At Apple’s shareholder meeting, Financial Times reporter Tim Bradshaw observed that Cook evaded pointed questions by two successive shareholders suggesting Apple buy Tesla Motors.
“I’d like to see you guys buy Tesla,” said one shareholder, to which Cook said he would like to sidestep a pointed answer.
“We don’t really have a relationship with Tesla. I’d love Tesla to pick up CarPlay,” said Cook in response speaking of Apple’s in-car infotainment interface. “Was that a good way to avoid the question?”
Next on deck was another shareholder who again chimed in on the subject to be avoided.
“I think there is something about you two companies,” said the shareholder to Cook.
“Let me think if there’s another way to do a non-answer,” said Cook.
As Business Insider observed, it’s unclear whether these two shareholders hold much weight in offering their opinions, but it’s “interesting” they are voicing this opinion.
Nor is it a view born in a vacuum.
The iPhone maker is at work poaching auto industry engineers and others with relevant experience to very possibly build an electric car. It may be autonomous too although some in the car industry have said they do not believe Apple wants to go into the car manufacturing business and has something else in mind.
From the sidelines at the auto show in Geneva last week, Renault-Nissan CEO Carlos Ghosn did allow for the possibility that Apple may be building an EV for production however.
As the shareholders observed, Tesla and Apple do have aspects in common. Tesla did hire former Apple executive George Blankenship a few years back to lead its store planting and marketing of its products following lessons learned at Apple.
Blankenship has since left the company, but Tesla has admired Apple and the two companies have gotten together for private talks. Whether possible acquisition was ever on the table, or less pressing matters were chatted about is not certain, and neither company has cleared this up for speculators.
Differences in Vision?
But for all the similarities, it’s been observed Cook says Apple wants to build the “best” products but not necessarily the most – i.e., maximize market share.
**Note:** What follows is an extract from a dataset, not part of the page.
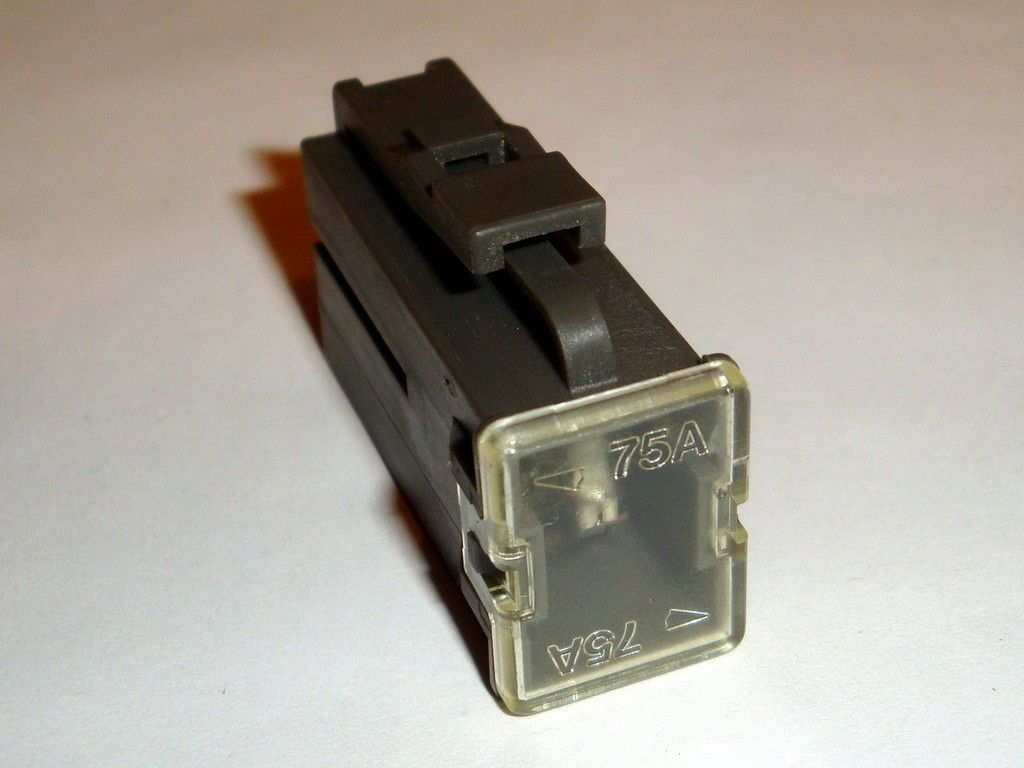 nissan stanza 300zx pathfinder fl75a 75a 75 amp fuse one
On the other hand Tesla’s anticipated Gigafactory and Model 3 are intended to launch Tesla to 15-times the sales volume it did in 2014, and here Musk wants to lower prices and bring products within reach of many more car buyers.
Cash Not The Issue
Apple has cash on hand equal to seven-times Tesla’s present $24.3 billion market cap, or around $178 billion.
Its market cap is $754 billion or nearly double the top five automakers’ combined total.
That it could broach the subject with Tesla is not in doubt. Nor is there question that it is exploring products similar to what Tesla is doing.
The shareholders see it. But would it be a good idea really? Or should Tesla remain Tesla, and Apple remain Apple, and the car industry will still be shaken to its core in the next decade regardless?